▸ Your instructions:
Copy, pictures aside: the lines below from the one that holds "Salvage Toyota Sienna" through the final line of the listing, both ends included, exactly as they are and nothing else.

▸ Data section:
BEGIN

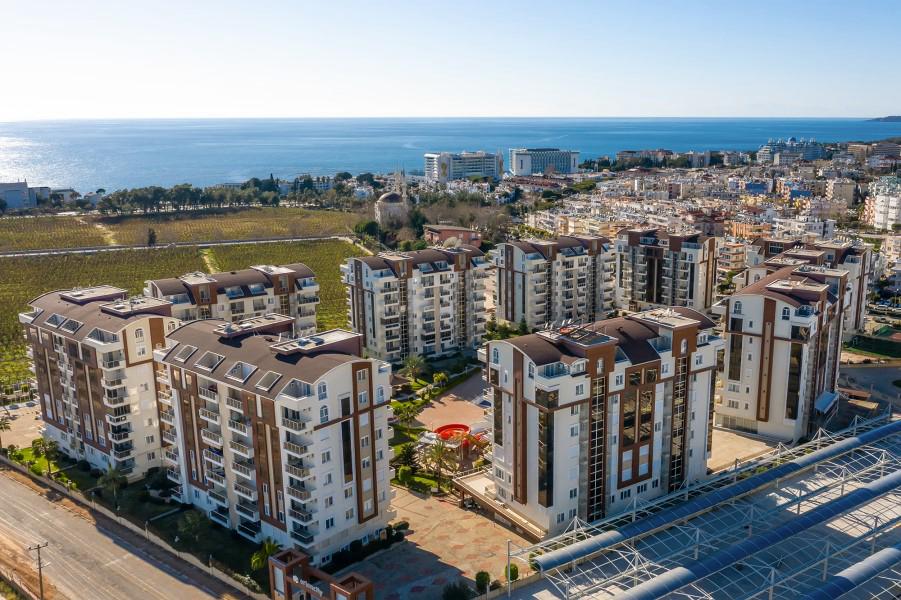 Image of An apartment in a large complex with amenities in Avsallar.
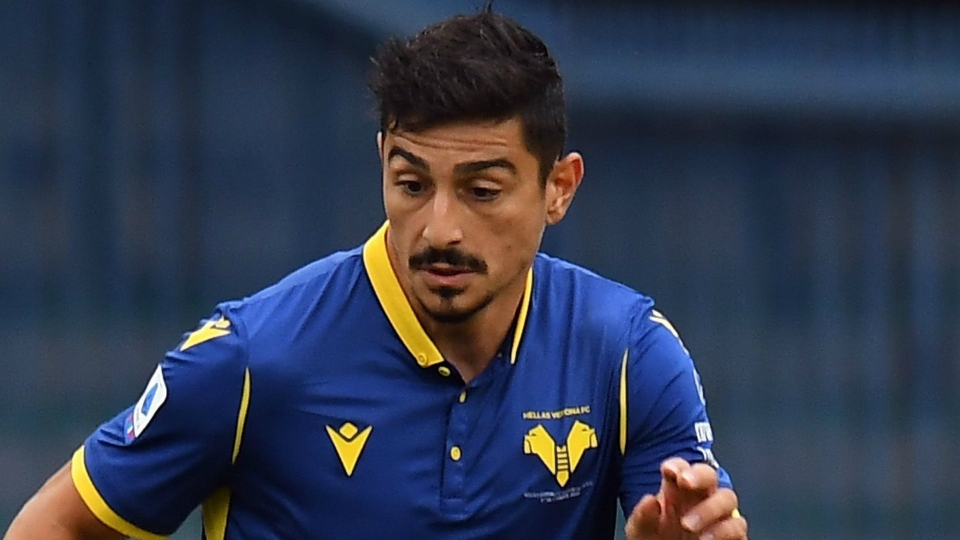 Koray Günter in maglia Verona Gunter Verona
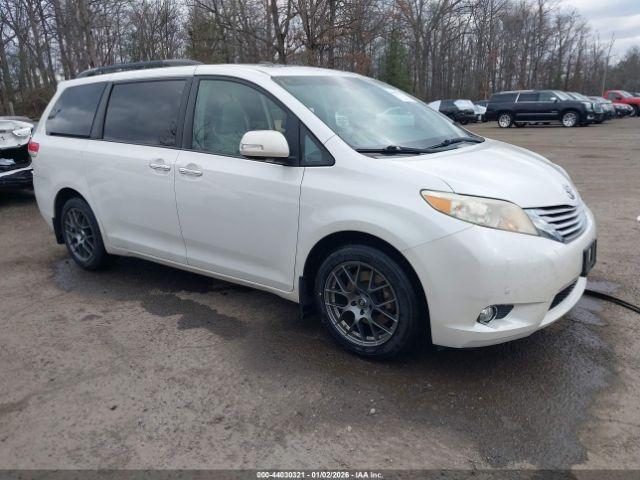  Salvage Toyota Sienna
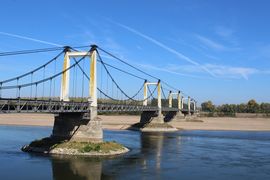 Montjeansurloire pont 2018 5185.jpg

END

▸ Completed task:
  Salvage Toyota Sienna
 Montjeansurloire pont 2018 5185.jpg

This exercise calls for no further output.